| Dr. Bernard Moret EPFL (Swiss Federal Institute of Technology),
  Lausanne, Switzerland
 
 Phylogenetic Analyses: Past, Present, and Future Bernard M. Moret School of Computer and Communication Sciences EPFL
  (Swiss Federal Institute of Technology) Lausanne, Switzerland http://lcbb.epfl.ch/
  Phylogenies are simplified histories of the evolution of a group of taxa
  (organisms, genes, biological networks, computer malware, artistic styles,
  etc.) These phylogenies are inferred from modern-day specimens, in a process
  that starts by collecting comparable data about the taxa (such as the
  sequences of a few genes), then devising an appropriate model of evolution
  for the data, and finally running an inference procedure (machine-learning)
  to obtain a tree and some parameter values about that tree. Each year,
  thousands of citations are made to existing phylogenetic inference packages,
  mostly in the life sciences, but also in computer science, linguistics, forensics,
  and art history. As enounced by Th. Dobzhansky in the title of one of his papers,
  "biology makes no sense except in the light of evolution" and
  phylogenetic analyses are our spotlights. Yet in this talk I will argue that
  phylogenetic analyses are underused and in need of generalization. For the
  last 80 years, phylogenies have used sequence data as the basis for
  inference; at first these sequences coded for morphological characteristics
  or simple genomic characteristics such as chromosomal banding; for the last
  40 years, they have been RNA or DNA sequences. Phylogenetic analyses of
  languages, artistic styles, criminal activities, biological networks, or
  entire genomes have had to use tools developed to analyze relatively short
  sequences with very simple evolutionary models: the complexity of
  evolutionary models for other data, along with the relative paucity of
  studies based on such data, prevented the development of analysis techniques
  better adapted to the data. We thus need to enlarge and generalize existing
  techniques to improve the quality of phylogenetic analyses of data other than
  genome sequence data and to enable phylogenetic analyses for entirely new
  types of data. In particular we need new models,
  sophisticated preprocessing, and reasonable optimization criteria. Most
  importantly, we need an enlightened view of phylogenetic analyses in science.

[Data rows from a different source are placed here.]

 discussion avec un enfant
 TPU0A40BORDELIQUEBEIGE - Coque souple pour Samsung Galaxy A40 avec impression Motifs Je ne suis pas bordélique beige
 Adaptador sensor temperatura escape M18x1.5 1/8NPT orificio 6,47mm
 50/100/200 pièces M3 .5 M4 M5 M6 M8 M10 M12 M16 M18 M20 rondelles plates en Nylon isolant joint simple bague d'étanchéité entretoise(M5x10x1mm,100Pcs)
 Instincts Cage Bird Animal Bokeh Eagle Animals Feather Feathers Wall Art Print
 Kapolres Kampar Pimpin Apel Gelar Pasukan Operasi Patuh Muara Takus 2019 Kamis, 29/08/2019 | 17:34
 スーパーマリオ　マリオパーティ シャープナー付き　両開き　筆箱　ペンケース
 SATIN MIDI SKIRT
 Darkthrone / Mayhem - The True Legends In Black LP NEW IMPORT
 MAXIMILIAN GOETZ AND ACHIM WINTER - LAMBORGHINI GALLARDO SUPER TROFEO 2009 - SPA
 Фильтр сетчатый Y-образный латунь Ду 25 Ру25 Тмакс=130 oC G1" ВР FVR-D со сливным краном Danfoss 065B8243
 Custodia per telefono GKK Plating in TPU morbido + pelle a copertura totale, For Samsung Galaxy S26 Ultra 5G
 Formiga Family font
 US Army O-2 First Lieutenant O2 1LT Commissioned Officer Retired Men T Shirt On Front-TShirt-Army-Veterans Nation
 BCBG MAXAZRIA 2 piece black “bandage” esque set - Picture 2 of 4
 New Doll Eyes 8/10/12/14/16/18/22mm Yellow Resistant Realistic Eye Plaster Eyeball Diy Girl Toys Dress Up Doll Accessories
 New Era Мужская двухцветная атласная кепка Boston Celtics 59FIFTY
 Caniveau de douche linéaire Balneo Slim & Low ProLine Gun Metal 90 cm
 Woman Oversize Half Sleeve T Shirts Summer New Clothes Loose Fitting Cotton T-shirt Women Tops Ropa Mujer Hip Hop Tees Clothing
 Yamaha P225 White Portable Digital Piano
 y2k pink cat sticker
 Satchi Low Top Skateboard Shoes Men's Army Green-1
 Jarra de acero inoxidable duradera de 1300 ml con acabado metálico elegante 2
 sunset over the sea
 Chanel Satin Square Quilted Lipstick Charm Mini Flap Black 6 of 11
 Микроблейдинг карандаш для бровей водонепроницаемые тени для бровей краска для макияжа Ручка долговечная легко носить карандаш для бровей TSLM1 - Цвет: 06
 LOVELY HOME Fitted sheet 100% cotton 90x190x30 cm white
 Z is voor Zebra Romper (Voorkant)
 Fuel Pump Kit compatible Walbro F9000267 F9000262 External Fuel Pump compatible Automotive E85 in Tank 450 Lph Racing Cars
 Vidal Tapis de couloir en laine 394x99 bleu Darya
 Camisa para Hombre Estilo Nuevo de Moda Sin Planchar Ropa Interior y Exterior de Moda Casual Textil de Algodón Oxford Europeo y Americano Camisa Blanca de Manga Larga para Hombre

  We are all familiar with comparative methods, but a comparison between two
  taxa or a collection of pairwise comparisons among a collection of taxa is
  just a \emph{degenerate} phylogenetic analysis, one
  that makes no (or minimal) use of evolution and models. In any area where the
  objects of study are subject to some form of evolution, phylogenetic analyses
  will yield much better results than simple comparative studies.